* [WHAT TO PRODUCE] Exactly the lines below starting at the line with "A Young Woman" and ending at the line with "HMS 'Titania' (1915)" are wanted, with both ends included. Leave out the pictures and add no other lines.
═══ EXTRACTED DATA ═══
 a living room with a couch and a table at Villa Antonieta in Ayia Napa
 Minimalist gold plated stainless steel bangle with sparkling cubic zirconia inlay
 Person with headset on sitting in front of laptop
═══
═══ EXTRACTED DATA ═══
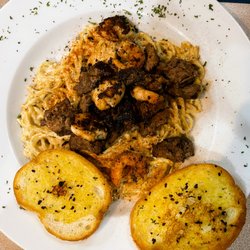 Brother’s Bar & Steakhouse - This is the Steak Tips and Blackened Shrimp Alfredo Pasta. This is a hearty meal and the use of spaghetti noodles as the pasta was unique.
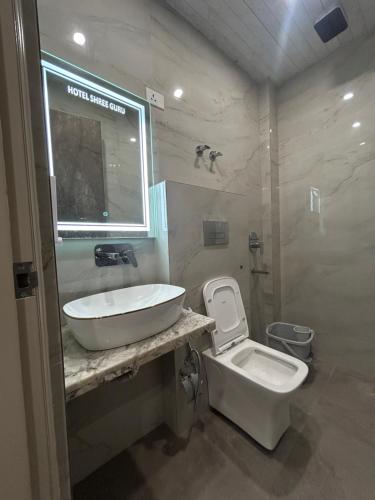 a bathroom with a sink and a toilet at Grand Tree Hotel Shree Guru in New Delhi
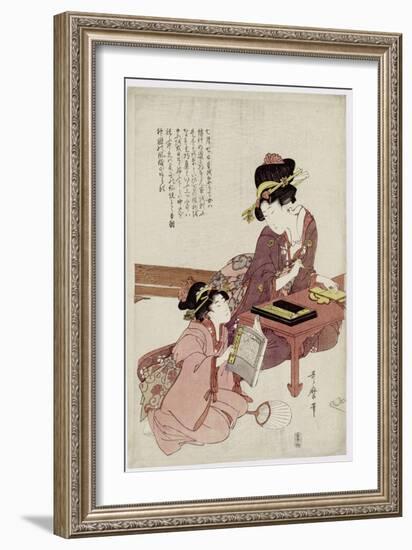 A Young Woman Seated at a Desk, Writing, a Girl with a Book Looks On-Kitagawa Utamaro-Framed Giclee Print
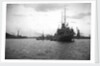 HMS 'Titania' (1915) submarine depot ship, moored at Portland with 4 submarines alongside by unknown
═══
* [RESULT FOR THIS TASK]
 A Young Woman Seated at a Desk, Writing, a Girl with a Book Looks On-Kitagawa Utamaro-Framed Giclee Print
 HMS 'Titania' (1915) submarine depot ship, moored at Portland with 4 submarines alongside by unknown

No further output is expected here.